Although the Baptism is the principal action of the picture, it occupies the right‐hand side of the foreground, so that the figure of Christ is slightly off centre. On the left‐hand side of the composition there are two veiled women, the elder one directing the attention of the other towards the scene of baptism. The younger woman, whose halo matches that of Christ, rests her left hand on the shoulder of an elaborately dressed, wingless angel crowned with a wreath of flowers, who is holding Christ’s garments on his left arm. Another angel, also wingless, sits on the rocky bank, with both hands resting on the pegbox of his lute, gazing intently at Christ. In representations of the Baptism of Christ there is usually an angel standing on the bank, holding Christ’s garments, but it is unusual to find a musician angel.
In the National Gallery’s catalogue of 1929 the two female figures were identified as the Virgin Mary and Saint Anne, presumably by the Director, Charles Holmes, who had bought the paintings. Cecil Gould in his catalogue of 1962 suggested that the older female figure might be Saint Elizabeth, noting that the presence of either Elizabeth or Anne would be ‘highly unusual in a Baptism’.8
The fact that this picture was painted for a chapel dedicated to the Visitation would support the identification of the two female characters as the Virgin Mary and Saint Elizabeth. Their presence in a painting of the Baptism requires explanation, however. Mary’s visit to Elizabeth was the first encounter of Jesus Christ with his precursor and cousin, John the Baptist. Indeed, many northern European representations of the Visitation from the fourteenth to the early sixteenth centuries include diminutive and encapsulated representations of Christ and John, in or in front of their mothers’ wombs.9 According to the Gospels, when Elizabeth heard Mary’s greeting, the unborn prophet leapt in her womb. She herself was filled with the Holy Spirit and cried out: ‘Blessed are you among women, and blessed is the fruit of your womb! … Blessed is she who believed, for there will be a fulfilment of those things which were told her from the Lord.’10 The meeting between the two women here includes the ‘fulfilment’: that is, Elizabeth shows her cousin Mary the future encounter of their unborn sons, pointing with her left hand towards the main scene.

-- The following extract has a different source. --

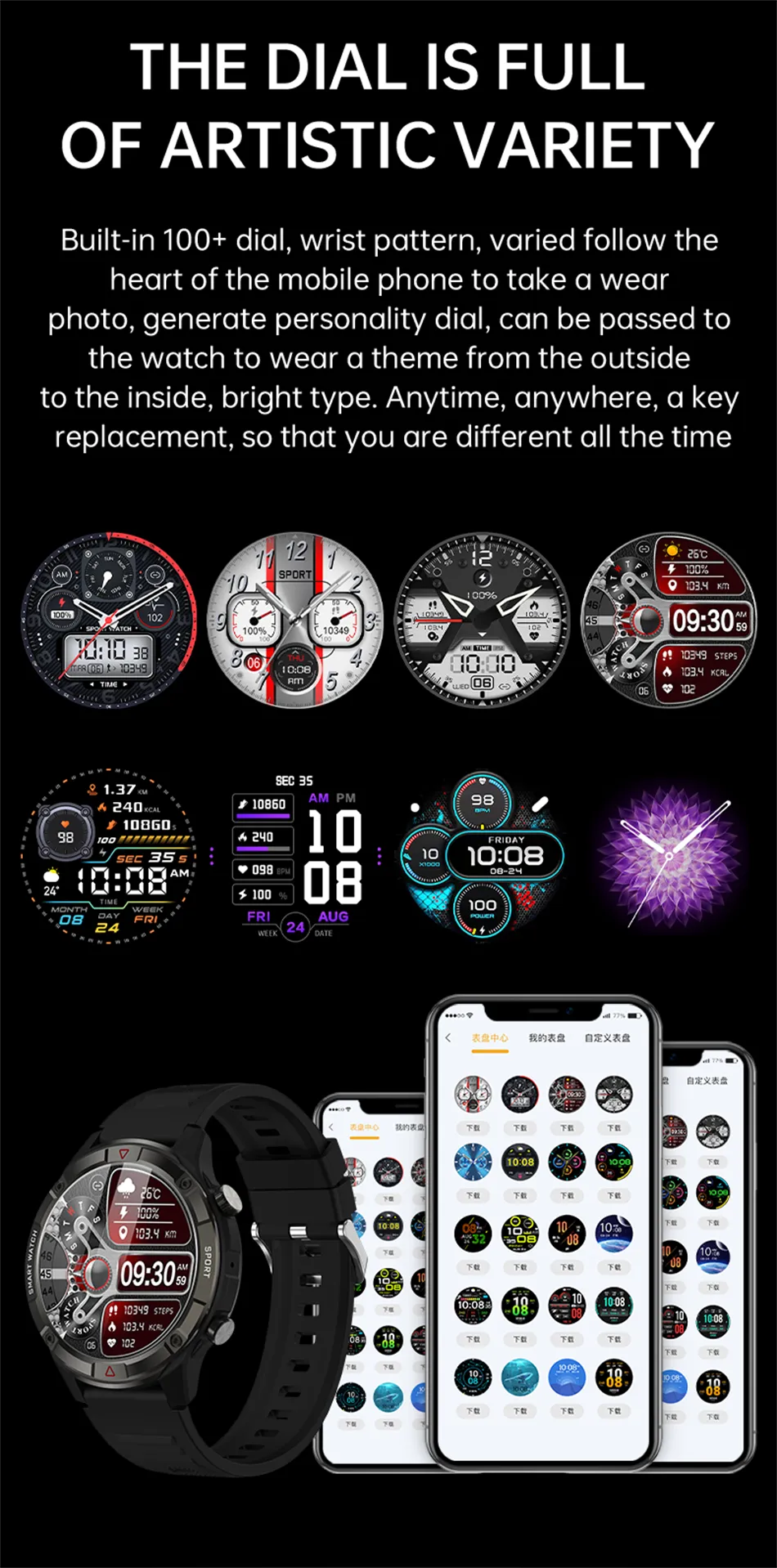 Reloj inteligente deportivo para hombre, pulsera con Pantalla AMOLED de 2023 pulgadas, 4G de ROM, llamadas de voz, música Local, resistente al agua, para Xiaomi, novedad de 1,6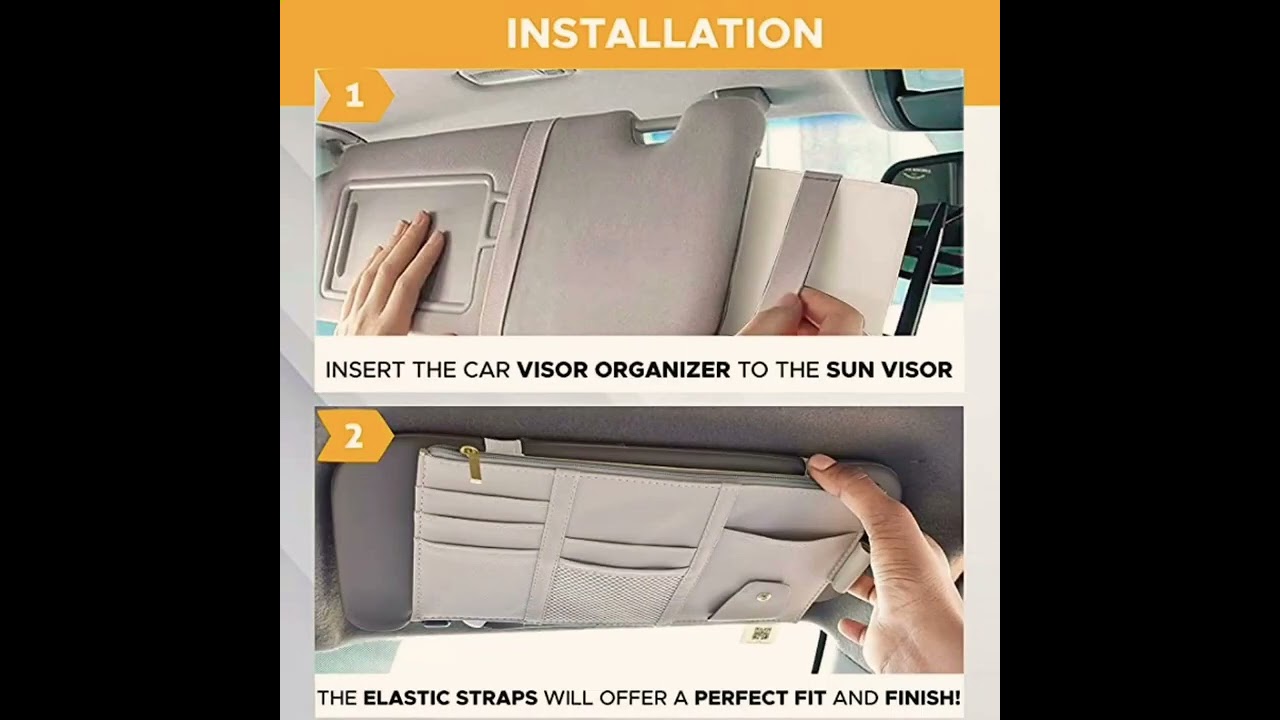 PU Leather Multi-Function Car Space Sun Visor Organizer Hanging Phone Storage Pouch Holder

The Feast of the Visitation, introduced into the liturgical calendar of the Catholic Church in 1389, was accepted throughout Western Europe about a century later. It was especially promoted by the Dominican order and taken to symbolise the importance of peace and unity within the Christian Church. Only one other Italian altarpiece of the Visitation painted between the late 1490s and the late 1520s that includes a reference to the Baptism is known to us: the painting (now in the Prado), made by Raphael’s workshop in 1519–20 for S. Silvestro in L’Aquila, which includes the Baptism in the distance, doubtless because it was commissioned by Giovanni Battista Branconio, who wished to give emphasis to his name saint. More striking as an allusion to both the Visitation and the Baptism is the Holy Family with Elizabeth, Zacharias and the Infant Christ, painted by Luca Signorelli shortly before NG 3892. In this picture (now in the Gemäldegalerie, Berlin) the infants Christ and John, assisted by their fathers, appear to be rehearsing the Baptism; meanwhile, their mothers greet one another, joining hands as they usually do in scenes of the Visitation.11
The child hovering above Christ (fig. 4) is surprisingly large in relation to the other figures and occupies a central position, suggesting a special significance. He recalls airborne children representing the Word Incarnate in Emilian depictions of the Annunciation from the fourteenth to the early sixteenth centuries.12 One of the most famous examples is the The Virgin Annunciate with Saints John the Evangelist, Francis, Bernardino and George painted in about 1501 by Francesco Francia for the Observant church of the SS. Annunziata in Bologna (p. 17, fig. 2), which Zaganelli is likely to have known.13 The hovering baby in this picture is comparable to the one featuring in Francesco Francia’s Annunciation, the main differences being that the latter is depicted within a mandorla emanating rays of light, and carries the cross. Furthermore, Francesco Zaganelli inserted an airborne putto holding a scroll similar to the one in NG 3892.1 above the Virgin in the Immaculate Conception painted in 1513 for the destroyed Franciscan church of S. Girolamo at Forlì, now in the local Pinacoteca Nazionale.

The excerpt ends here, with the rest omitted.